• What you need to do:
Exactly the lines from the one containing "Dievčenské šaty Desigual" through the one containing "Modern Luxury Metal" in the listing below are to be copied, with the pictures left out.

• Data shown:
──────────────────────────────
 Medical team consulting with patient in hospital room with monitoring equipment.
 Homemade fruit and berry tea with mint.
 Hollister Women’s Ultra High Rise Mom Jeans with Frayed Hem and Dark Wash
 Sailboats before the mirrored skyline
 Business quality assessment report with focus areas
──────────────────────────────
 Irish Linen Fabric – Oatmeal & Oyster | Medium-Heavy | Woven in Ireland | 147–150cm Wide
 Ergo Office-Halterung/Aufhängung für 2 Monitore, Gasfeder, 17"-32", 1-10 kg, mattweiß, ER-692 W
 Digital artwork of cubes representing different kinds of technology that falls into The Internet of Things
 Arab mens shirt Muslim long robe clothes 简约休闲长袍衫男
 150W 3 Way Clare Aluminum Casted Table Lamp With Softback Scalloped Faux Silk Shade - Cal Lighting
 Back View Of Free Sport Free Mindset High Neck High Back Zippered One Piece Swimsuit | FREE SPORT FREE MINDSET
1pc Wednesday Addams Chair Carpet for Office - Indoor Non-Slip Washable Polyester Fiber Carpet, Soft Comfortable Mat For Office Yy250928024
──────────────────────────────
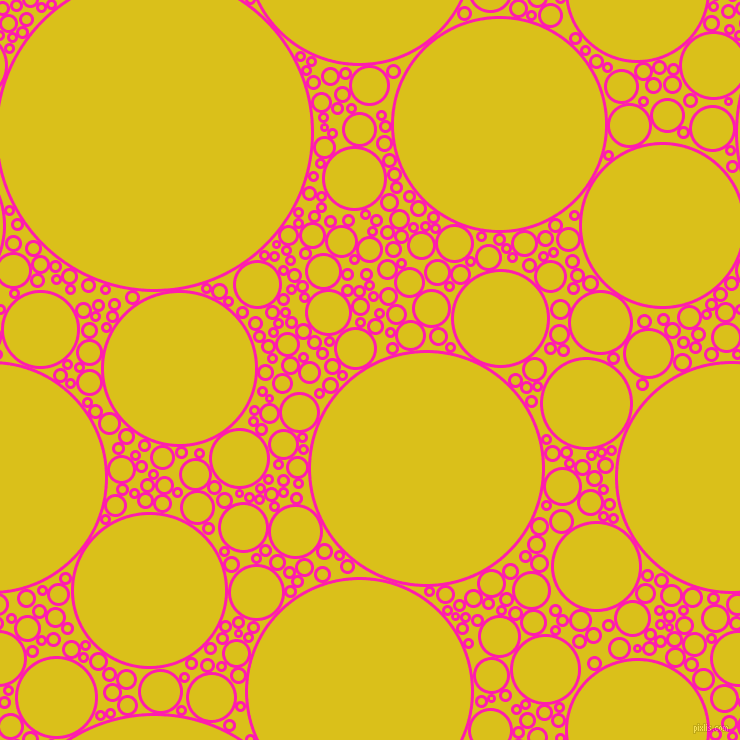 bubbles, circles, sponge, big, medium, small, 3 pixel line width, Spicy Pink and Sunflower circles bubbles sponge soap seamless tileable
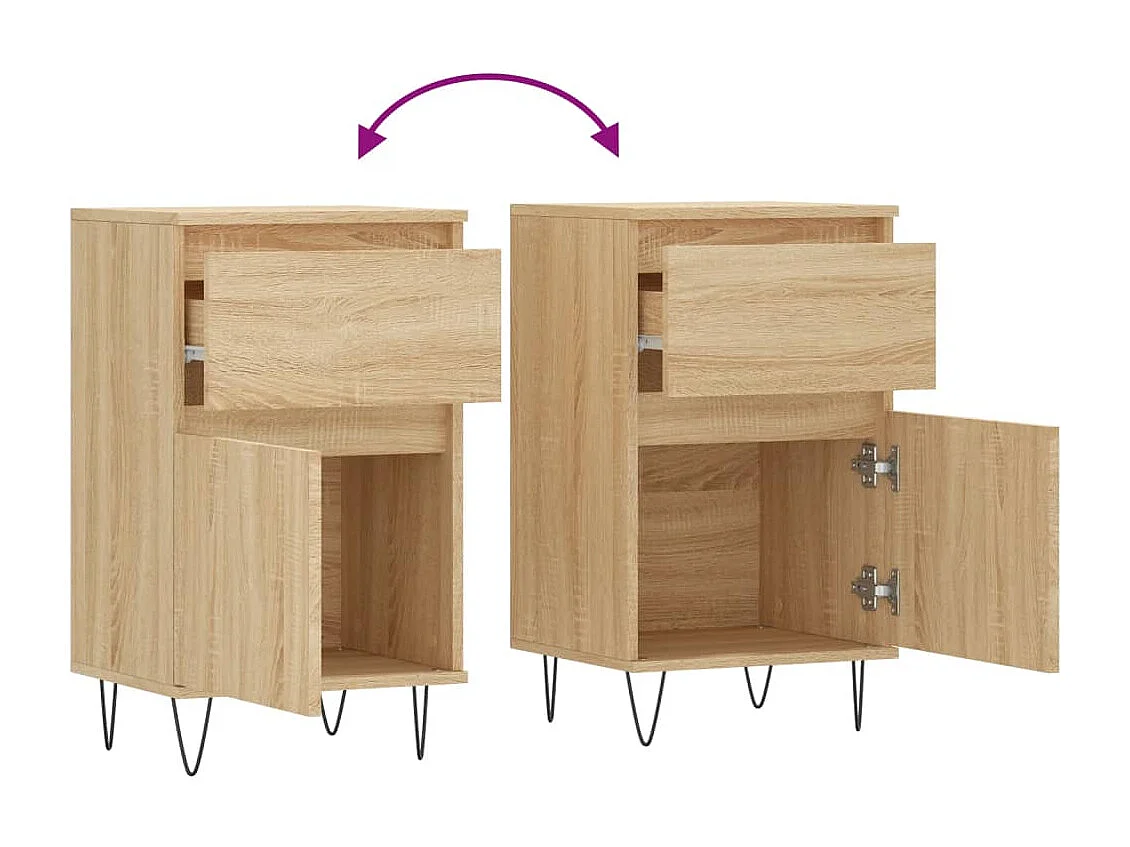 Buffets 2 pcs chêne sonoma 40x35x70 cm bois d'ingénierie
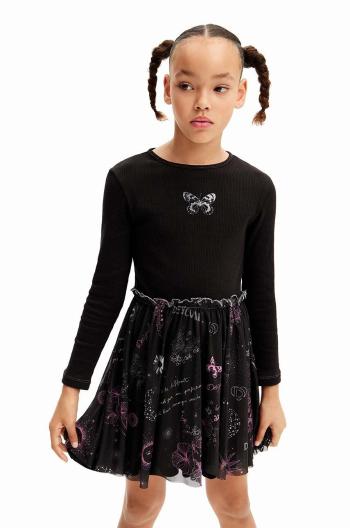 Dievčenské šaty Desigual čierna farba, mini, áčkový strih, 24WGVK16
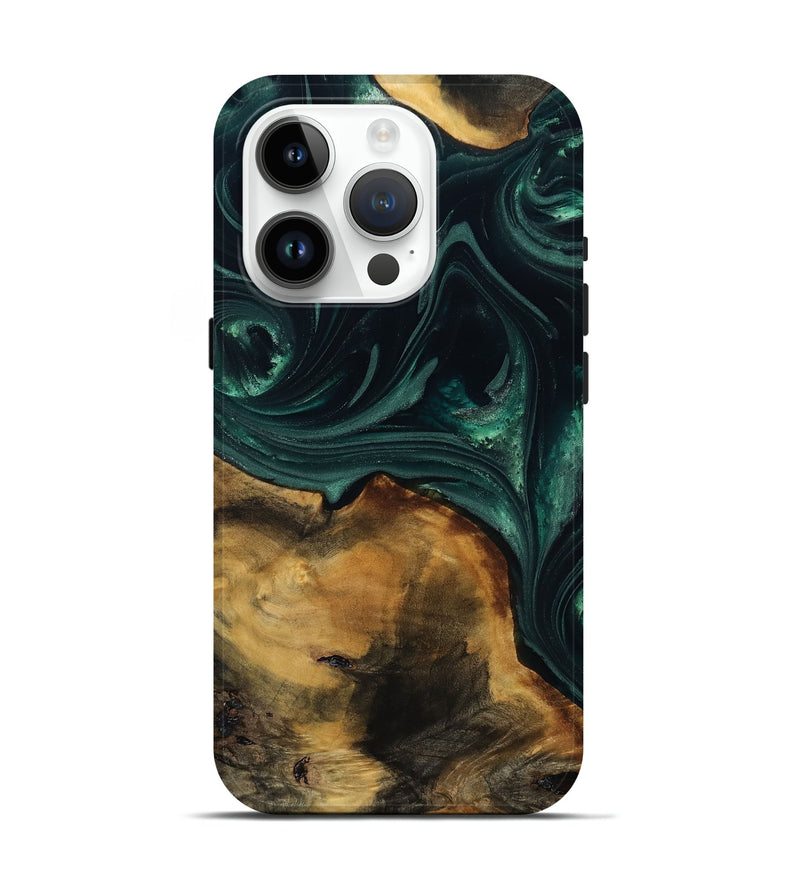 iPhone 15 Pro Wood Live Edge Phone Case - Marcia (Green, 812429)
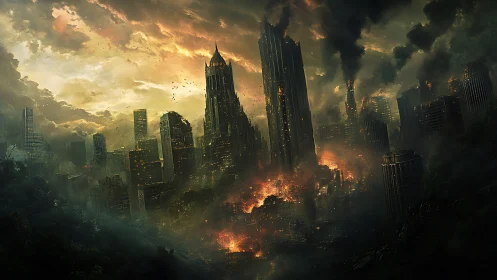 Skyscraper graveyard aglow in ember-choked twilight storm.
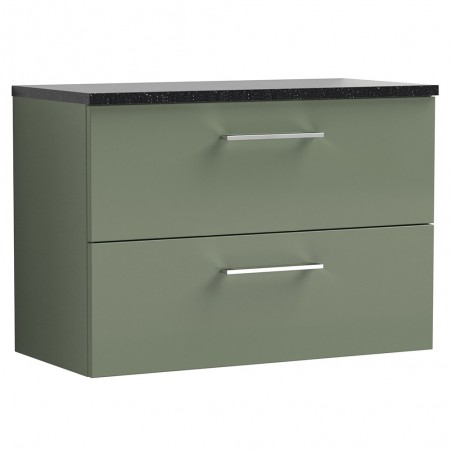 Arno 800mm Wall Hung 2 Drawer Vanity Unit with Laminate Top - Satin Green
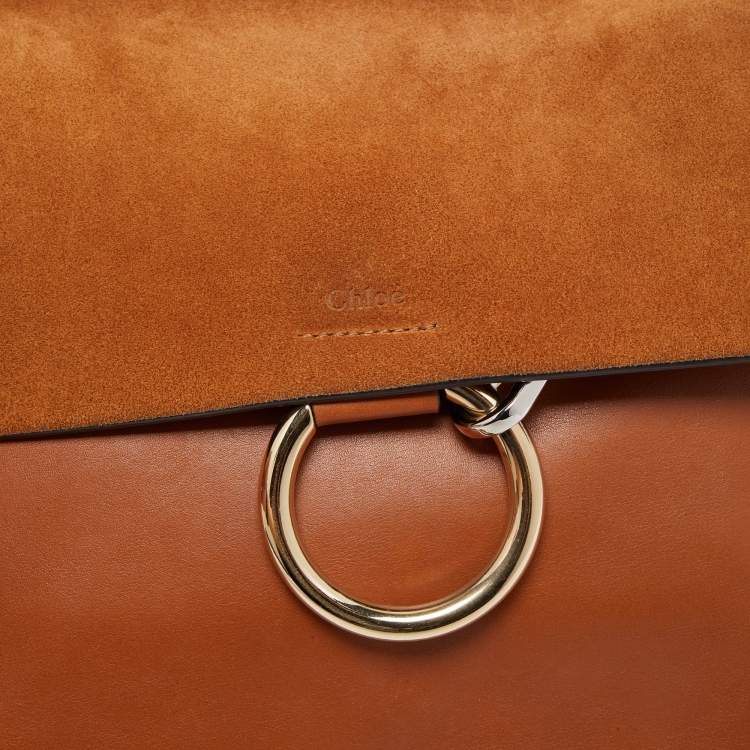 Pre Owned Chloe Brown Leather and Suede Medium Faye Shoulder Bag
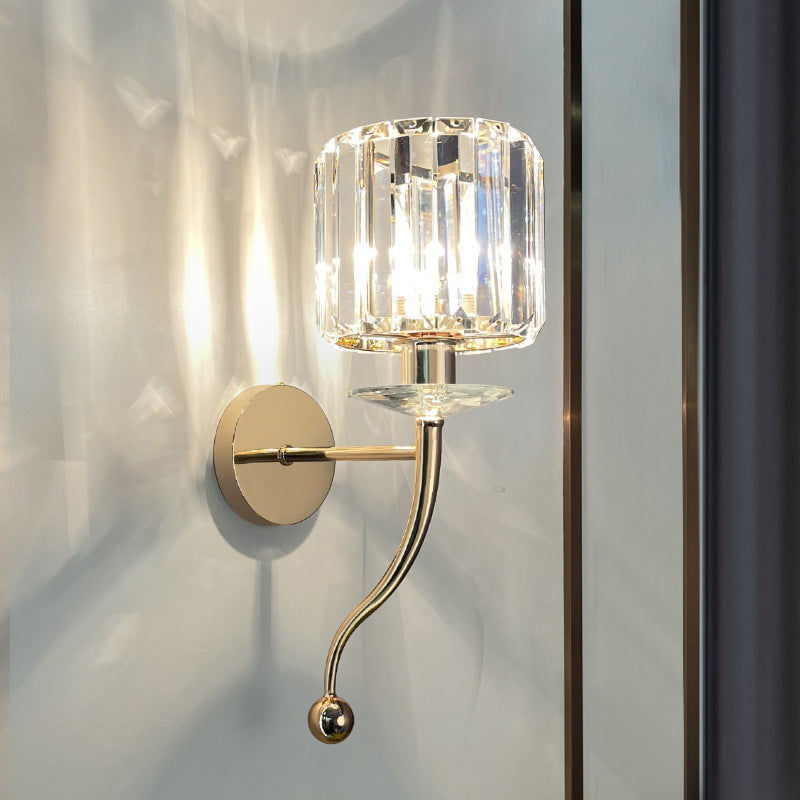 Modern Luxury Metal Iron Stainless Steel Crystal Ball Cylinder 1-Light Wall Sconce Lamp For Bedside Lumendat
──────────────────────────────
• Exercise result:
 Dievčenské šaty Desigual čierna farba, mini, áčkový strih, 24WGVK16
 iPhone 15 Pro Wood Live Edge Phone Case - Marcia (Green, 812429)
 Skyscraper graveyard aglow in ember-choked twilight storm.
 Arno 800mm Wall Hung 2 Drawer Vanity Unit with Laminate Top - Satin Green
 Pre Owned Chloe Brown Leather and Suede Medium Faye Shoulder Bag
 Modern Luxury Metal Iron Stainless Steel Crystal Ball Cylinder 1-Light Wall Sconce Lamp For Bedside Lumendat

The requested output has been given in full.